An initial group of C-1 substituted THIQs (Group I) was prepared via a phosphate-mediated, biomimetic Pictet-Spengler reaction between dopamine hydrochloride and a range of aldehydes (Table 1) (Pesnot et al., 2011). Both the major (6,7-, 1-10a) and minor (7,8-, 1-10b) regioisomers were isolated by preparative HPLC (Guzman et al., 2015). The C-1 alkyl chain length was systematically explored, as previous work had highlighted a longer alkyl chain at this position as having promising activities. C-1 cyclopentyl, 2-methyl benzyl and 3,4-methylenedioxybenzyl moieties were also explored, the latter of which had been present in several active analogues identified previously (Guzman et al., 2015). Moreover, a hydroxyl group at C-8 had also been associated with higher activities in some cases, so both 6,7- and 7,8-regioisomers were generated (Guzman et al., 2015). All compounds were prepared using commercially available aldehydes with the exception of 9a and 9b, for which (m-tolyl)acetaldehyde was prepared from the commercially available alcohol by a Parikh-Doering oxidation (Parikh and Doering, 1967), and 10a and 10b, for which 3,4-(methylenedioxy)phenylacetaldehyde was prepared as previously described (Guzman et al., 2015). Regioisomers 11a and 11b were prepared from a Pictet-Spengler reaction between m-tyramine and hexanal. THIQs 4a.HCl and 11a.HCl were prepared as the hydrochloride salts of their respective free-bases. The enantio-enriched THIQs (1S)-4a.HCl and (1S)-11a.HCl were synthesized using norcoclaurine synthase (TfNCSΔ33) in a biocatalytic Pictet-Spengler reaction between hexanal and dopamine or m-tyramine, respectively (Table 1) and were included in Group I to explore C-1 stereochemistry (Pesnot et al., 2012; Ruff et al., 2012; Lichman et al., 2015).
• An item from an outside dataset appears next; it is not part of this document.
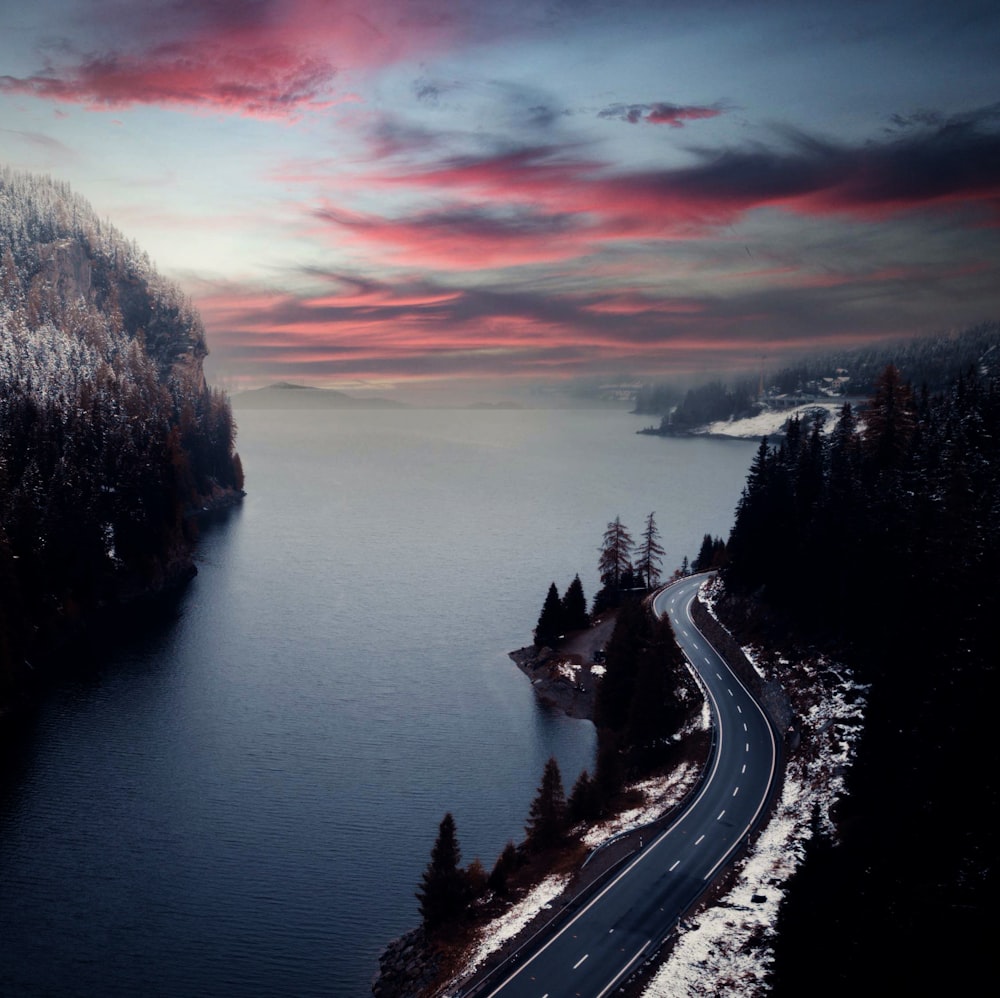 an aerial view of a road near a body of water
Table 1 Synthesis of Group I THIQs.

Group II was designed primarily to further the exploration of A-ring substituents, including hydroxy substitutions unexplored in Group I; C-5 bromo substitution and A-ring methoxy substituents. A C-1 pentyl chain was retained for all compounds as the most potent and selective compounds in Group I featured this substituent (see below). The initial phenethylamines required for the synthesis of this series were either acquired commercially or prepared by reduction of the appropriate phenylacetonitrile (see supplementary information). Brominated phenethylamines were prepared by bromination and subsequent demethylation of the appropriate methoxy phenethylamines (Scheme S1). THIQs 12-15 were then prepared via a phosphate-mediated Pictet-Spengler reaction (Table 2) (Pesnot et al., 2011). THIQ 16 with a C-7 hydroxyl group was also prepared to compare to 11a which features a C-6 hydroxyl group. The synthesis of 16 (Scheme 1A) began with an initial amide coupling reaction between 4-methoxyphenyethylamine and hexanoic acid to give 17. This was followed by Bischler-Napieralski cyclisation (Heravi et al., 2014) and subsequent imine reduction to afford 18 and 19 as a mixture of regioisomers. These compounds were then demethylated and separated by preparative HPLC to isolate 16 (and 11a; Scheme 1A). Methoxy-substituted THIQs at C-6; C-6 and C-7; or C-6 and C-8 (18, 20 and 21) were synthesized in a similar manner (Scheme 1B) to compare to their hydroxy-substituted counterparts 4a, 11a and 12. First, amides 22-24 were prepared by a Sheppard amidation (Sabatini et al., 2017), before Bischler-Napieralski cyclisation to afford dihydroisoquinolines 25-27, which then underwent imine reduction to give the desired THIQs 18, 20 and 21.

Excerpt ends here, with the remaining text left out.